Une bonne BD, pas nécessairement exceptionnelle, mais qui est assurément un cran au-dessus de la normalité, et ce notamment grâce à l'excellent travail d'édition. On trouve ainsi à l'intérieur des pages d'Emma G. Wildford quelques objets - photo, ticket d'embarquement et lettre - liés au récit et l'écrin se referme d'une double couverture à rabats magnétiques. Du détail, certes, mais qui donne ce petit plus, cette impression de lire quelque chose de différent. Et c'est parfois tout ce qu'il faut pour devenir marquant.

Tourne-Disque, Zidrou & Raphaël Beuchot, 2014, 102 planches

Invité au Congo belge pour donner un concert, le violoniste Eugène Ysaÿe se retrouve bloqué par un torticolis et doit prolonger son séjour. Ce sera l'occasion pour lui de faire une rencontre inattendue et marquante avec la culture locale.

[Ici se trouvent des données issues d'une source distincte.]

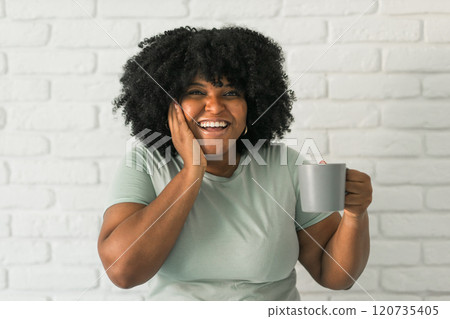 African American joyful woman laughing while holding a gray mug, expressing happiness and positivity. Carefree moments, laughter, and beauty of authentic emotions 120735405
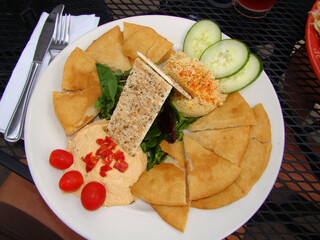 Hummus food plate pita bread cucumbers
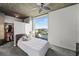 Serene bedroom featuring a large window with city views, soft lighting, and a well-organized walk-in closet at 3324 Peachtree Ne Rd # 1518, Atlanta, GA 30326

Eugène Ysaÿe est un personnage réel mais cette histoire est, à priori, une totale invention. Cela n'en reste pas moins un intéressant coup de projecteur qui donne envie d'aller en lire plus sur cet homme. Pour continuer sur ce que n'est pas cette BD, le colonialisme y est une toile de fond qui apparait en filigrane mais est très loin d'être le point focal de l'histoire.

Mais alors, qu'est-ce qu'il y a dans ce Tourne-Disque ? Une histoire très simple, la rencontre de deux hommes unis par les liens de la musique. C'est simple, certes, mais ça ne fait que renforcer la gentillesse et l'émotion qui se dégagent de ce récit. C'est beau, tout simplement. Les mêmes compliments peuvent d'ailleurs s'appliquer aux dessins, dans un style très propre, et encore plus aux couleurs, très colorées et très chaudes. C'est simple, c'est beau, c'est efficace. Un petit bijou comme une douce mélodie.